I feel sorry for those Santas, stuck on the lawns and roofs, silly smiles still plastered on their faces. I fantasize about sneaking to their sides to affix a frownie face on each and every one. Don’t you know that Mr. Claus is tapping his toe at the North Pole, wondering when his likenesses will finally achieve their well-deserved rest in the dark and quiet of the basement or garage?

It’s also cruel to leave Baby Jesus out there, lightly clad in nothing more than swaddling clothes, his chubby little knees exposed to the rigors of a northern winter. Throw a parka on that child! And bring the animals inside — or face your penance.

 fakrmage/Flickr

fakrmage/Flickr

The worst offender I've spotted in my travels is a general store in one of the charming old hamlets out Frenchtown way.

Hanging from the second-floor balcony was an evergreen wreath that was not merely dead, but really, most sincerely dead as the coroner of Munchkinland said of the Wicked Witch. I think the bow was formerly red, but I really couldn't be sure.

Beside the front door was a pair of four-foot plastic snowmen, standing drunkenly atilt, no doubt affected by frost heave that had undermined their footing. They were positioned — and I am not making this up — against the backdrop of tattered corn stalks leftover from Thanksgiving. I'm surprised there wasn't a caved-in Jack-o-lantern at their feet. (Maybe there was. I didn't stop to check.)

It's obvious who was tardy about dismantling their fresh-cut Christmas trees since quite a few of them are still kicking around the roadsides.
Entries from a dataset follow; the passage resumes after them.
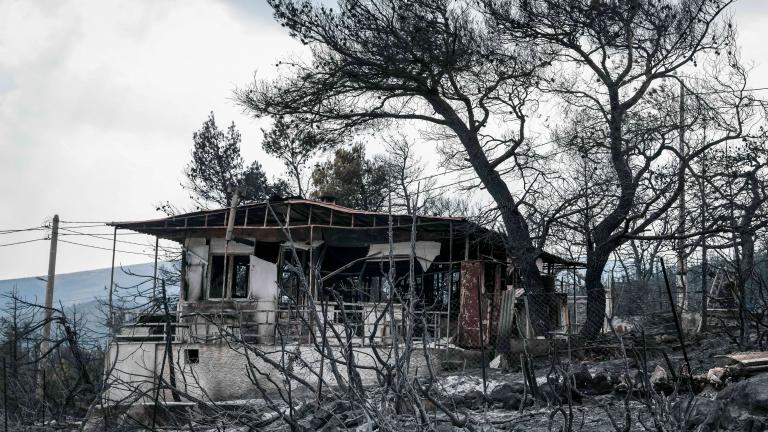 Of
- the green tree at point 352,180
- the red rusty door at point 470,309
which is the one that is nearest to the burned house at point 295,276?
the red rusty door at point 470,309

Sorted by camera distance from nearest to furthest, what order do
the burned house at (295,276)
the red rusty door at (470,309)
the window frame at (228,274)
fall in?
1. the burned house at (295,276)
2. the red rusty door at (470,309)
3. the window frame at (228,274)

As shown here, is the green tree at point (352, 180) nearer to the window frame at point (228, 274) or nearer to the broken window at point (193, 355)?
the window frame at point (228, 274)

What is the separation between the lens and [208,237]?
22422mm

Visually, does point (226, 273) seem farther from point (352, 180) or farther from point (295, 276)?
point (352, 180)

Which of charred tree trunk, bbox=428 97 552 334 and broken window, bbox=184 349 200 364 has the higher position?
charred tree trunk, bbox=428 97 552 334

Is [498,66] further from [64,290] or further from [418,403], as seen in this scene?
[64,290]

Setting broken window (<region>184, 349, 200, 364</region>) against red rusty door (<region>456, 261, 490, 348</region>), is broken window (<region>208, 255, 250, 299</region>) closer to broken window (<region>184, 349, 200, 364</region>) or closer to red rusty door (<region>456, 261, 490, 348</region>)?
broken window (<region>184, 349, 200, 364</region>)

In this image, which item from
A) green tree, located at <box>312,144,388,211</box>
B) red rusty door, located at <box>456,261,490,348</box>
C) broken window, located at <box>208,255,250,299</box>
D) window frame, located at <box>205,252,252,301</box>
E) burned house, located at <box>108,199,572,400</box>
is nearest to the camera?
burned house, located at <box>108,199,572,400</box>

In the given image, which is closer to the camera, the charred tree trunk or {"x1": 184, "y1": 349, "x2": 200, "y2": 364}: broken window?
{"x1": 184, "y1": 349, "x2": 200, "y2": 364}: broken window

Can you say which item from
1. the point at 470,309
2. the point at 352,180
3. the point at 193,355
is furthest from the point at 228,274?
the point at 352,180

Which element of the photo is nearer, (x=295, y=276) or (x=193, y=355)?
(x=193, y=355)

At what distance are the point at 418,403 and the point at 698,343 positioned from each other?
12938 mm

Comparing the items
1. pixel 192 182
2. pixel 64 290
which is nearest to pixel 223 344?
pixel 192 182

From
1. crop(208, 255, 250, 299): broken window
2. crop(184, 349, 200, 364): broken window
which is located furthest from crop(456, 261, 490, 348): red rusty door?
crop(184, 349, 200, 364): broken window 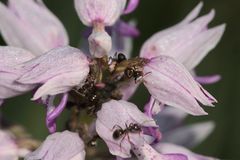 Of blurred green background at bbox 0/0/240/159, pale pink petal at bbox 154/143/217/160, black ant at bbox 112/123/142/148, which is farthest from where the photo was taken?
blurred green background at bbox 0/0/240/159

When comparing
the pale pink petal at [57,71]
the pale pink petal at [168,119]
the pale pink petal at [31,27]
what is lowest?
the pale pink petal at [168,119]

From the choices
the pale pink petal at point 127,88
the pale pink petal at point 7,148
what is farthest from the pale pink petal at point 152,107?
the pale pink petal at point 7,148

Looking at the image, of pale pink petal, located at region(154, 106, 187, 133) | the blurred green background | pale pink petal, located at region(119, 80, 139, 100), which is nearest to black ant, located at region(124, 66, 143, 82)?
pale pink petal, located at region(119, 80, 139, 100)

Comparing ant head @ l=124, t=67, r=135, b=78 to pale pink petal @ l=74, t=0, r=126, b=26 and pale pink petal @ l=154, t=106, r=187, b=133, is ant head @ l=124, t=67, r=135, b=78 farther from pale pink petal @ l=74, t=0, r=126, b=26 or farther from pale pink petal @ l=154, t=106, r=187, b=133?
pale pink petal @ l=154, t=106, r=187, b=133

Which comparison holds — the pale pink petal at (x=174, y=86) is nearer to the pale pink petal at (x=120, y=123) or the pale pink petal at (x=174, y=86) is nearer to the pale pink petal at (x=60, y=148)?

Alright — you missed the designated pick-up period when your tree would have enjoyed a useful afterlife as chopped municipal mulch. Do everyone a favor and drag it back onto your property. You can cut the branches from spent Christmas trees (providing they still have needles attached) and lay them over your garden beds as protection from the elements.

It's not that I don't sympathize with the desire to prink up the homestead during the dreary days of midwinter, but tawdry old Christmas ornamentia just doesn't make it as we crawl toward spring. May I make a few suggestions for the closet Martha Stewarts who can't bear the unadorned home?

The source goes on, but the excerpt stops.